:: Information given
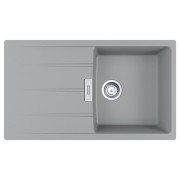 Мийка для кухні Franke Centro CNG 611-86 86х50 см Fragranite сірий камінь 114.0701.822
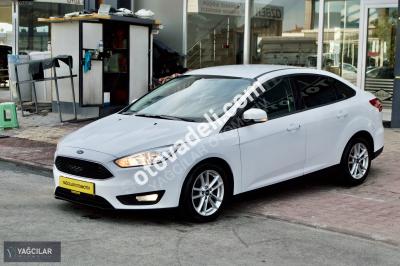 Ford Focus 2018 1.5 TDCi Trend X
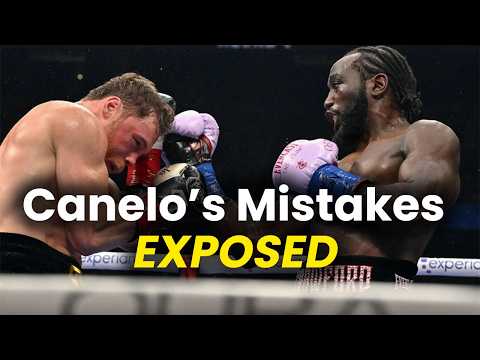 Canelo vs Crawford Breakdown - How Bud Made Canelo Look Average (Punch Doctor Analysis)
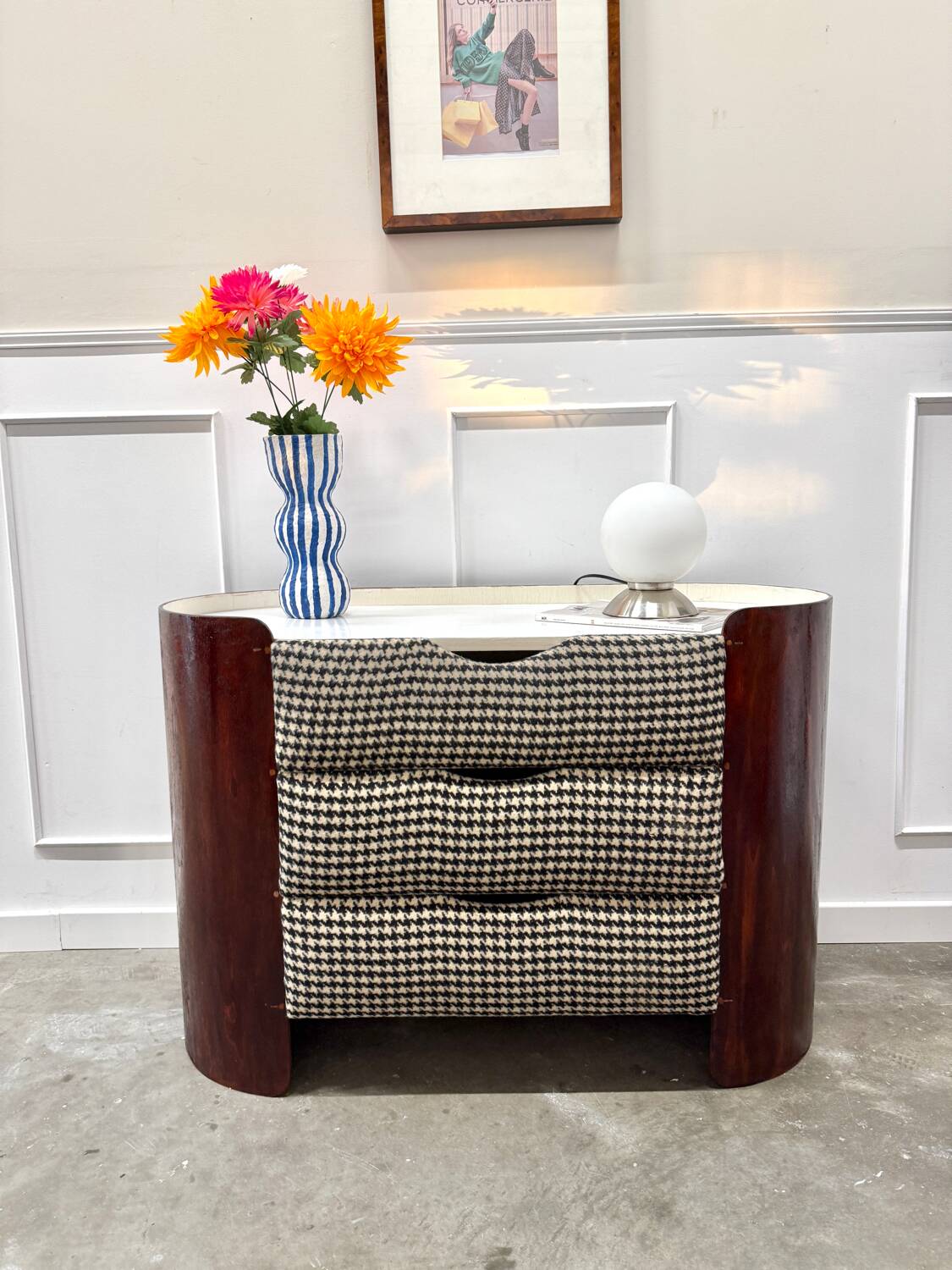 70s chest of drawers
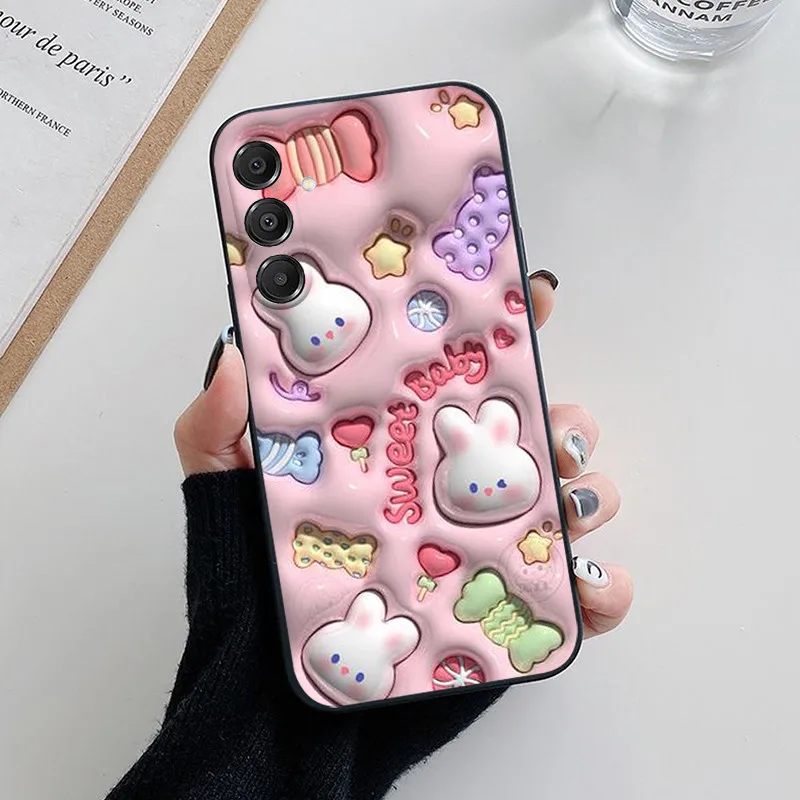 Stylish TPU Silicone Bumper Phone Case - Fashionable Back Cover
::::
* [Task to complete]
Please return every record above exactly, but leave out the pictures.

* [Answer to this problem]
 Мийка для кухні Franke Centro CNG 611-86 86х50 см Fragranite сірий камінь 114.0701.822
 Ford Focus 2018 1.5 TDCi Trend X
 Canelo vs Crawford Breakdown - How Bud Made Canelo Look Average (Punch Doctor Analysis)
 70s chest of drawers
 Stylish TPU Silicone Bumper Phone Case - Fashionable Back Cover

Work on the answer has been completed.